彼岸のある日、お参りに来たおばあさんは、いつもの様にえんまの前に座り、孫の女の子はえんまが怖いので、おばあさんの後ろに隠れていた。「どうかこのババの目を治してくだされ」とおばあさんは繰り返し拝んだ。
「これ、ババよ。お前の願いを聞いてとらす。」
えんまが口を聞いたので、おばあさんはビックリして上を向くと、おばあさんの右の目が開いた。すると一緒にいた女の子が叫んだ。
「あっ、えんまさまの目が一つない」
おばあさんが見てみると、確かにえんまの目が一つ潰れていた。
「ああ、申し訳ない。えんまさまをかたわにして、わしが見えるようになるとは。ああ、もったいない、もったいない」
すると、片目のえんまさまが言った。
「まあ、そう心配せんでもいい。わしはお前たちと違うて、別に働かなければならんということもない。ただここにこうしておる分には、片目でも十分じゃ」
「へえ、もったいない。ところで何か、お礼をさせていただきとうございますが」
「お礼か。そんなものはいらぬ」
「いいえ、わたしに出来ます事をさせてくださいまし」
「それでは、こんにゃくを供えてくれ。わしは、こんにゃくが大好きでな」
それからおばあさんは、毎日毎日、えんま様にこんにゃくをお供えした。
その事が村で評判になり、えんま様は『こんにゃくえんま』と呼ばれるようになった。
いい話だ。 こういう言い伝えは素直に聞きたい。 ところでここにはもうひとつ面白いものがあった。
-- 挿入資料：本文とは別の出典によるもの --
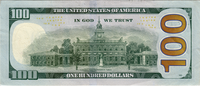 Preview 100 Dollars, 2013 obverse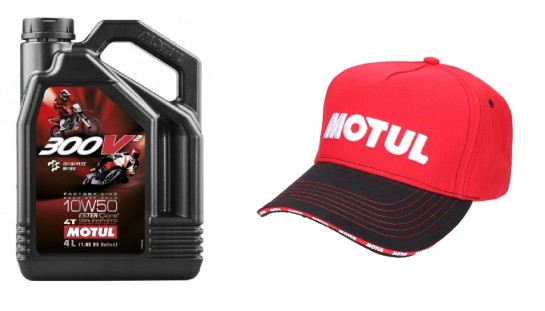 Motul 300V 4T Factory Line 10W50 4L + čepice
この鐘、汎太平洋の鐘という。1690年に鋳造され設置されたが、1937年にサイパン島に建てられた南洋寺に転出した。ところが1944年にサイパンで日本軍は玉砕。それが1965年にアメリカ本土で発見され、1974年に寺に戻ってきたとある。 鉄砲玉にならなかっただけでなく、こうしてまだ戻ってくるというのもまた近代の言い伝えになりそうだ。
源覚寺はいつまでも栄えそうな気がする。 商魂だと見る方もあるだろうが、そこは素直に喜びたい気がするのである。
というわけで、今日の散歩は終わり。 都心の散歩もなかなか楽しいものである。